◆ What is expected
Return verbatim all lines from the first one in the records to the line with "M&S Womens Grey", both ends kept.

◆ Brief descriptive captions
---+---

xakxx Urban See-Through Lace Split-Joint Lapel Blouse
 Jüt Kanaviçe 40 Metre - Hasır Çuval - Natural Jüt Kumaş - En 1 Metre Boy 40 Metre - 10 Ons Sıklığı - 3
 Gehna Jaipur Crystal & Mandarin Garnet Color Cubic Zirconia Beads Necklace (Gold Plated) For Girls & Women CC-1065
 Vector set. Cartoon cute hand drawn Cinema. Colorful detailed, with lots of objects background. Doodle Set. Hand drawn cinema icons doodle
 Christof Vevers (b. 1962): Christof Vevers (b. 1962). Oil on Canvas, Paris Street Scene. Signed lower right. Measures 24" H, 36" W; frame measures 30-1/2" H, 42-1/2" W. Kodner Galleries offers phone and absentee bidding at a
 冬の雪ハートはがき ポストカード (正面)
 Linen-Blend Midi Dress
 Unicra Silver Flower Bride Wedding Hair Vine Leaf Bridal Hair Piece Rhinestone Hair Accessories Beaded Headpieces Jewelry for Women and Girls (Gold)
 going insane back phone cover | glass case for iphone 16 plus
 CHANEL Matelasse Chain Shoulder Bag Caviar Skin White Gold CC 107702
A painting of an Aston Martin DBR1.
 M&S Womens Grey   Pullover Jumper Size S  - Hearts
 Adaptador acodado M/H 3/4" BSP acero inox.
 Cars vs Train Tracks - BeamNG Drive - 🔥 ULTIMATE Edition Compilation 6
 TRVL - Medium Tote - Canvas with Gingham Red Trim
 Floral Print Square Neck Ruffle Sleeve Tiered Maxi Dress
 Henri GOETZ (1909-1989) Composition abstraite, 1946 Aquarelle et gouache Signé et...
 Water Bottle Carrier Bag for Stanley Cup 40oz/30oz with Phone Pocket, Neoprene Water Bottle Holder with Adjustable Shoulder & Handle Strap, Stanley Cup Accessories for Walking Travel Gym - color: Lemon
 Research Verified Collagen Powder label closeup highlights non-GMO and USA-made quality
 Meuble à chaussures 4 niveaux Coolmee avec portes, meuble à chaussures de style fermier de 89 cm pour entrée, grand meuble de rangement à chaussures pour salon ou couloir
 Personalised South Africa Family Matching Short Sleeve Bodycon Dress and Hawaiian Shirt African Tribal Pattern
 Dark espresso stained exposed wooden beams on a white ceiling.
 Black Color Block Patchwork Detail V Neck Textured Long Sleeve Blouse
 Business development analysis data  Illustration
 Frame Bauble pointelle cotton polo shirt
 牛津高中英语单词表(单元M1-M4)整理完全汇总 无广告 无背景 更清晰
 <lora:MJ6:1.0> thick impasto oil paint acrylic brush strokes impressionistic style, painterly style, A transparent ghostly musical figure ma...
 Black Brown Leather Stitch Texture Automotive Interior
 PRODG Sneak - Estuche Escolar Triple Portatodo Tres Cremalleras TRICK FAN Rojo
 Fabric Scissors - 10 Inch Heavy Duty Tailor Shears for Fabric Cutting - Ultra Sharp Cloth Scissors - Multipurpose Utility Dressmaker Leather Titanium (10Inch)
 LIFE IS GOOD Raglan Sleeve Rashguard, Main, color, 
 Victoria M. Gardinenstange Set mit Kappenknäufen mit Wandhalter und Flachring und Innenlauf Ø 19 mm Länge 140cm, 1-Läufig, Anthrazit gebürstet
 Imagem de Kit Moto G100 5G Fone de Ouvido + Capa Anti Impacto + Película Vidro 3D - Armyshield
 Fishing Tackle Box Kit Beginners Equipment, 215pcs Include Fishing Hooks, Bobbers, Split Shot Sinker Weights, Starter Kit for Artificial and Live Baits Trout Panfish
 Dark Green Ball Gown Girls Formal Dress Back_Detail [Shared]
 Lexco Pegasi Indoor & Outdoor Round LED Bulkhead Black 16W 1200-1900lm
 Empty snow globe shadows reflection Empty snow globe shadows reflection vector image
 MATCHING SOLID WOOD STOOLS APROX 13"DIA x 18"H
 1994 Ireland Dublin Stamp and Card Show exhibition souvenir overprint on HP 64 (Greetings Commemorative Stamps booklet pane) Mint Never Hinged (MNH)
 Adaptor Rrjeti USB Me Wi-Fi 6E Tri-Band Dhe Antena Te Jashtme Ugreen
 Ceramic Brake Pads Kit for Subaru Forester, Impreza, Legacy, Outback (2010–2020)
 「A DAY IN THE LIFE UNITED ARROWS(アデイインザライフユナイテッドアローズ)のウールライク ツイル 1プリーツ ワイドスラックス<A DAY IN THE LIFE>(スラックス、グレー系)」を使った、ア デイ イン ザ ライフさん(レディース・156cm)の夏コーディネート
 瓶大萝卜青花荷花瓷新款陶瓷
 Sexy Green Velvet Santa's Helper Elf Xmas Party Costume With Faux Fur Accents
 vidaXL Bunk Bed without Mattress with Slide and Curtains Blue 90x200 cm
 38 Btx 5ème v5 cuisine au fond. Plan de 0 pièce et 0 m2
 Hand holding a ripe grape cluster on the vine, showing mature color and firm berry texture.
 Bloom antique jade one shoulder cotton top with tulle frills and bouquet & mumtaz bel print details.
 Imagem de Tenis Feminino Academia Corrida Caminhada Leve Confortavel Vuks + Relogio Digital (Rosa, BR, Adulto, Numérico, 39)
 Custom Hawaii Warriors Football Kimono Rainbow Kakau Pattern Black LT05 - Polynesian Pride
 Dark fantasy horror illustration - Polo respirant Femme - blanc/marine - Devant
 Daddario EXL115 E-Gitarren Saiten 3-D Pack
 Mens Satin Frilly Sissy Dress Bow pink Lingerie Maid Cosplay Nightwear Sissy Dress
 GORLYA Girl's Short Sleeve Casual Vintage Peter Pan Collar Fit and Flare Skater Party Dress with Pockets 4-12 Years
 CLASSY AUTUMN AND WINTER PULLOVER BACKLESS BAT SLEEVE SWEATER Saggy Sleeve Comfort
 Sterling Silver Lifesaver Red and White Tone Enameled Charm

---+---

◆ Reply to the task
xakxx Urban See-Through Lace Split-Joint Lapel Blouse
 Jüt Kanaviçe 40 Metre - Hasır Çuval - Natural Jüt Kumaş - En 1 Metre Boy 40 Metre - 10 Ons Sıklığı - 3
 Gehna Jaipur Crystal & Mandarin Garnet Color Cubic Zirconia Beads Necklace (Gold Plated) For Girls & Women CC-1065
 Vector set. Cartoon cute hand drawn Cinema. Colorful detailed, with lots of objects background. Doodle Set. Hand drawn cinema icons doodle
 Christof Vevers (b. 1962): Christof Vevers (b. 1962). Oil on Canvas, Paris Street Scene. Signed lower right. Measures 24" H, 36" W; frame measures 30-1/2" H, 42-1/2" W. Kodner Galleries offers phone and absentee bidding at a
 冬の雪ハートはがき ポストカード (正面)
 Linen-Blend Midi Dress
 Unicra Silver Flower Bride Wedding Hair Vine Leaf Bridal Hair Piece Rhinestone Hair Accessories Beaded Headpieces Jewelry for Women and Girls (Gold)
 going insane back phone cover | glass case for iphone 16 plus
 CHANEL Matelasse Chain Shoulder Bag Caviar Skin White Gold CC 107702
A painting of an Aston Martin DBR1.
 M&S Womens Grey   Pullover Jumper Size S  - Hearts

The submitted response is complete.